→ **Input for this task**:
= Beginning of Section =

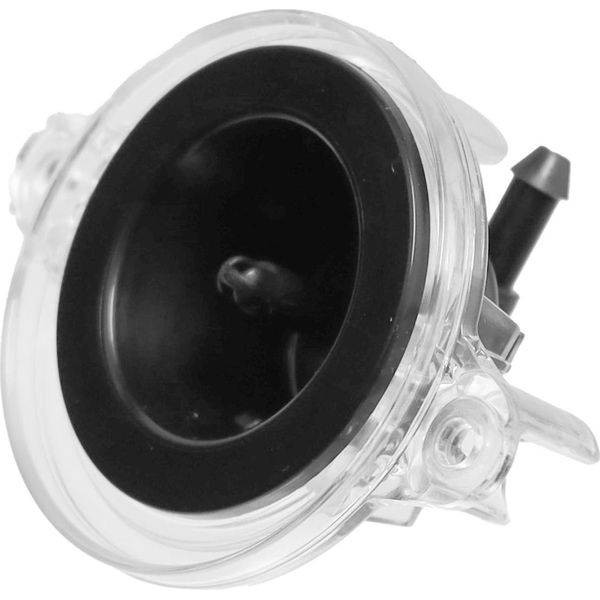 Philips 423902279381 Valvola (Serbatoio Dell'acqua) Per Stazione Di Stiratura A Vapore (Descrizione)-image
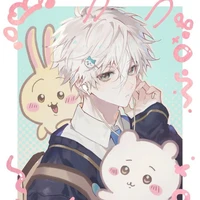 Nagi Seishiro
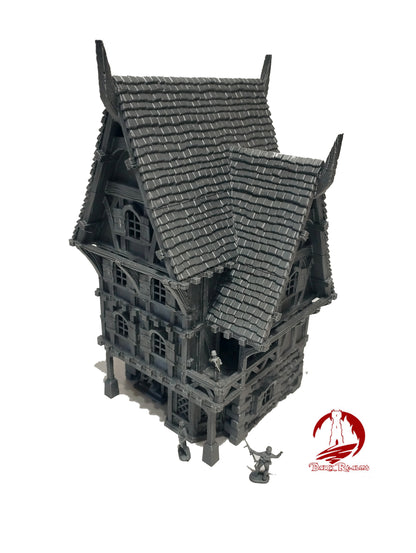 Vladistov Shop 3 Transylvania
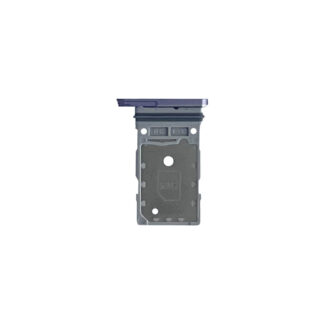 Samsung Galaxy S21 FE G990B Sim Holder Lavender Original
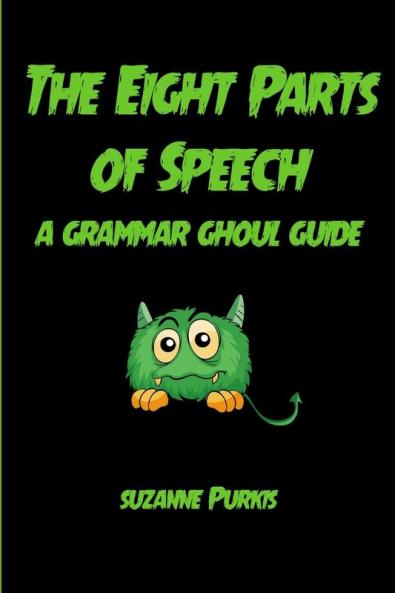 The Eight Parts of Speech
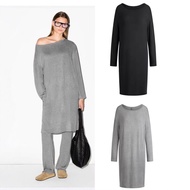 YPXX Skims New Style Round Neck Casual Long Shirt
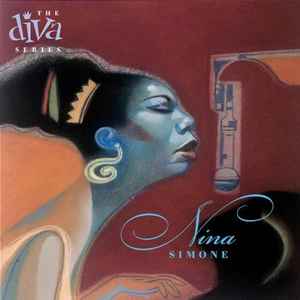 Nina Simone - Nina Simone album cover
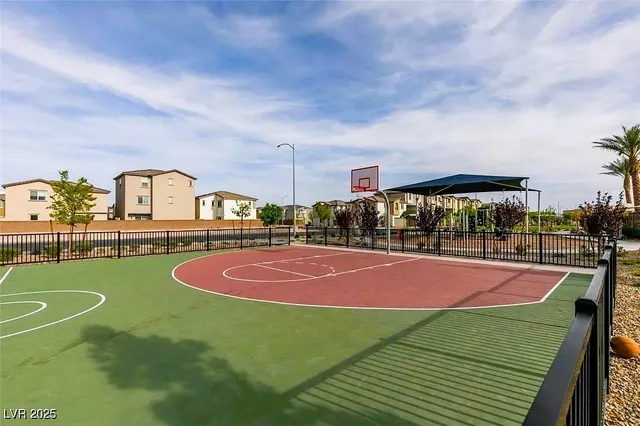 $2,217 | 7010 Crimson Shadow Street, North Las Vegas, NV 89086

= End of Section =
= Beginning of Section =

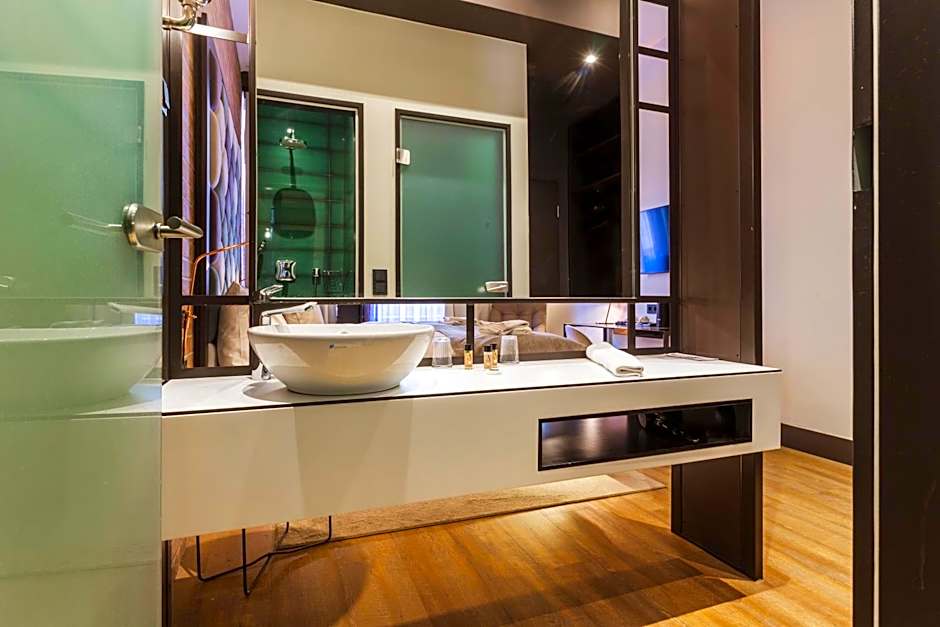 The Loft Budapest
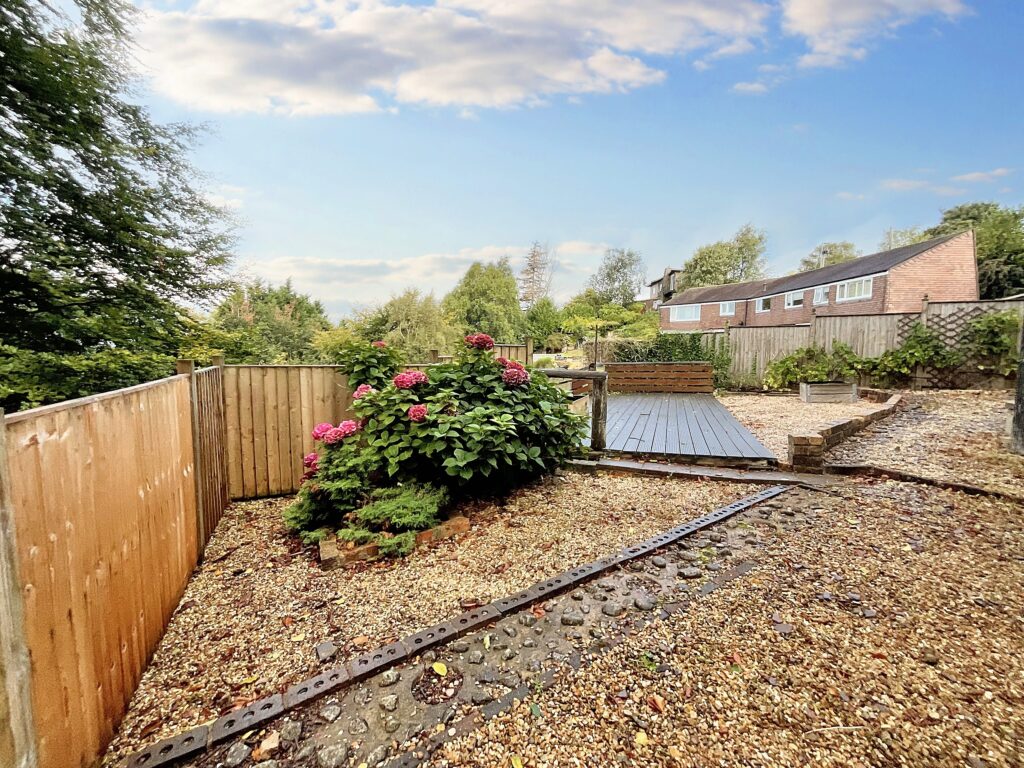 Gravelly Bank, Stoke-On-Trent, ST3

= End of Section =
= Beginning of Section =

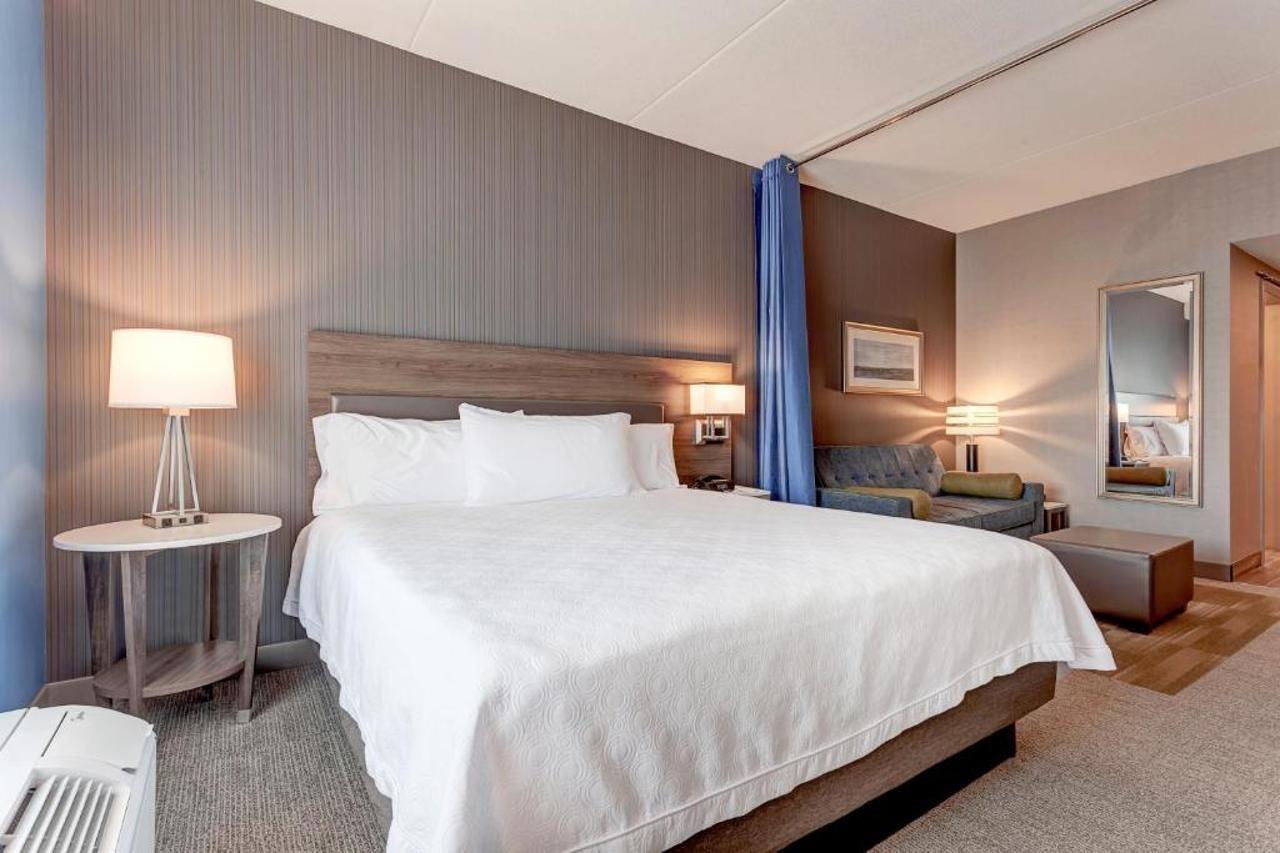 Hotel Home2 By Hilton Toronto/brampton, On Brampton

= End of Section =

→ **Problem to work on**: Above, find the line with "Philips 423902279381 Valvola"; copy it and every line down to the line with "Vegas, NV 89086", exactly and both included, but no pictures.

→ **Written answer**:
 Philips 423902279381 Valvola (Serbatoio Dell'acqua) Per Stazione Di Stiratura A Vapore (Descrizione)-image
 Nagi Seishiro
 Vladistov Shop 3 Transylvania
 Samsung Galaxy S21 FE G990B Sim Holder Lavender Original
 The Eight Parts of Speech
 YPXX Skims New Style Round Neck Casual Long Shirt
 Nina Simone - Nina Simone album cover
 $2,217 | 7010 Crimson Shadow Street, North Las Vegas, NV 89086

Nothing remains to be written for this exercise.